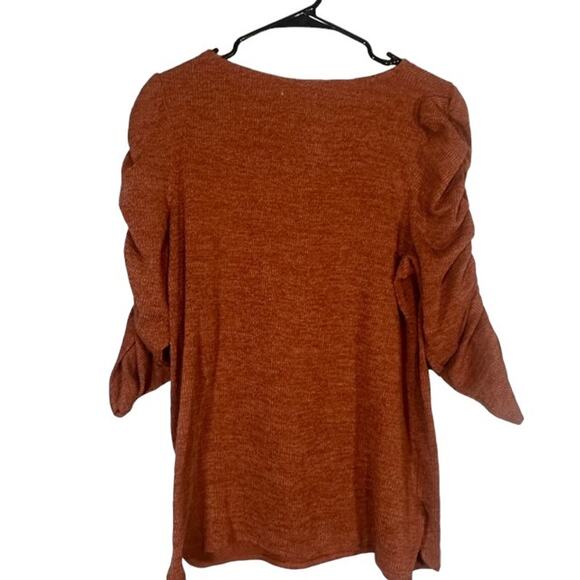 Max Studio Burnt Orange 3/4 Ruched Sleeve Boat Neck Knit Blouse Women Sz L - Picture 2 of 8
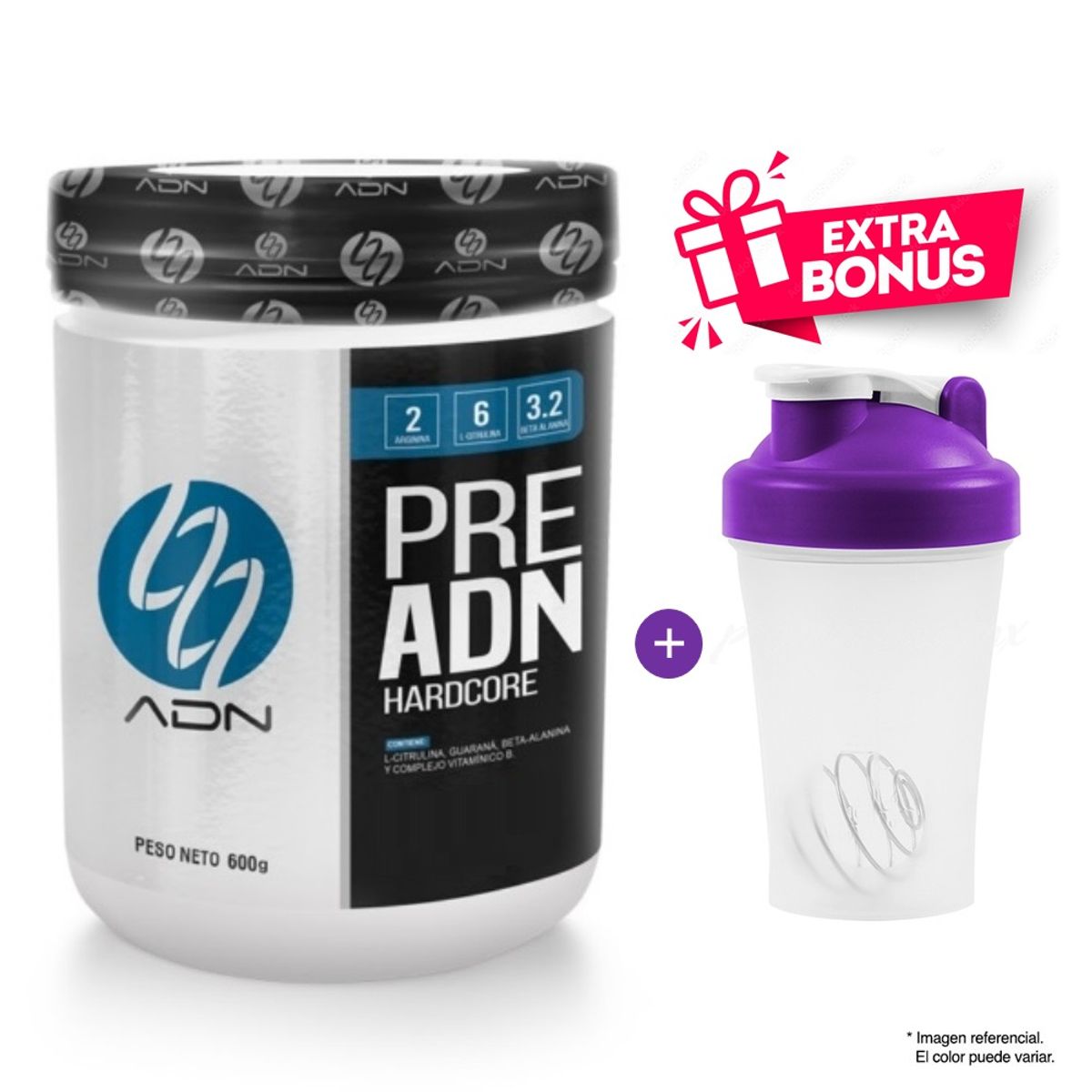 ADN - PRE ENTRENO ADN PREADN 600GR NARANJA + SHAKER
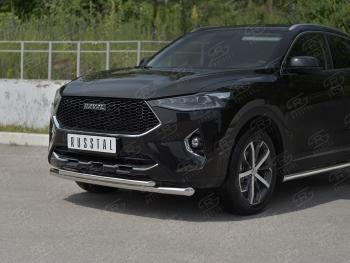 14 999 р. Защита переднего бампера (Ø63 мм секции, нержавейка, 1.5 4WD) SLITKOFF  Haval F7x (2019-2022) дорестайлинг  с доставкой в г. Майкоп. Увеличить фотографию 2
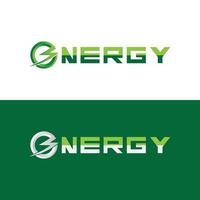 fonte de texto de energia logotipo dinâmico com relâmpago - logotipo de energia moderna vetor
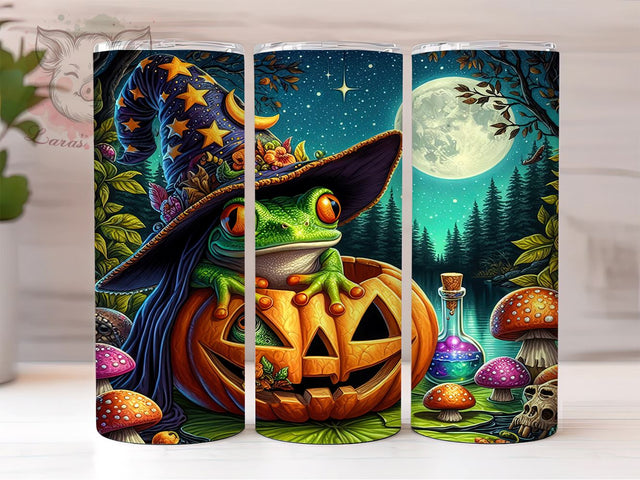 Witchy Frog 20 oz Skinny Tumbler Sublimation Design, Straight & Tapered Tumbler Png, Halloween Frogs Tumbler Png, Digital Download PNG Sublimation Lara' s Designs 
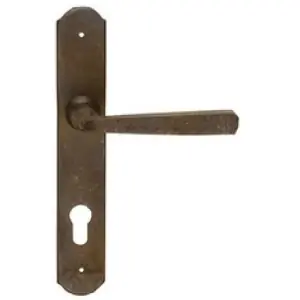 Maniglia FEROTEK modello 09077 per porta interna su placca con foro yale in ferro vecchio Esclusivo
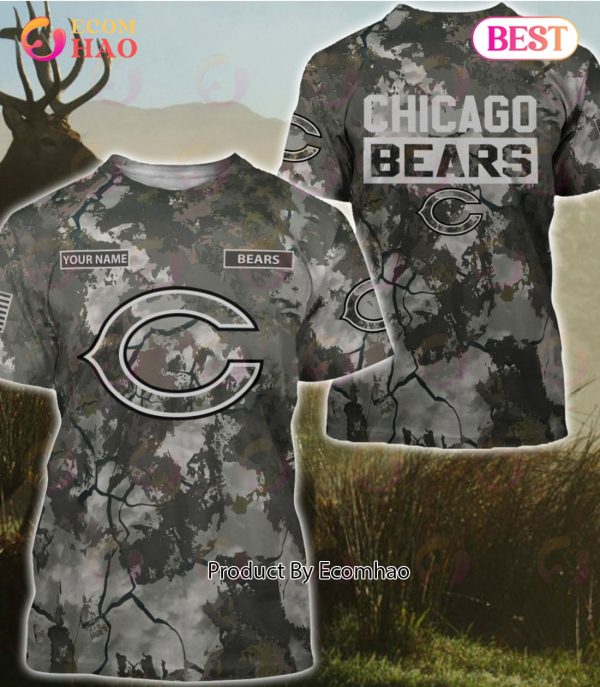 NFL Chicago Bears Personalized Your Name Hungting Camo Style 3D Hoodie,T Shirt, Sweatshirt, Zipper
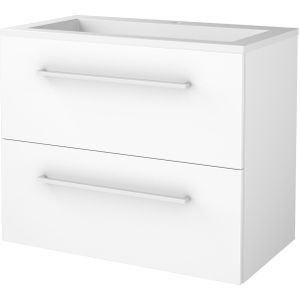 Badmeubelset BWS Salt 80x46cm Met Grepen 2 Lades Met Wastafel Acryl 1 Kraangat Ice White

======

What is needed is an exact copy of the lines from the start of the listing above through the line that holds "fonte de texto", with the pictures left out.

Output below
 Max Studio Burnt Orange 3/4 Ruched Sleeve Boat Neck Knit Blouse Women Sz L - Picture 2 of 8
 ADN - PRE ENTRENO ADN PREADN 600GR NARANJA + SHAKER
 14 999 р. Защита переднего бампера (Ø63 мм секции, нержавейка, 1.5 4WD) SLITKOFF  Haval F7x (2019-2022) дорестайлинг  с доставкой в г. Майкоп. Увеличить фотографию 2
 fonte de texto de energia logotipo dinâmico com relâmpago - logotipo de energia moderna vetor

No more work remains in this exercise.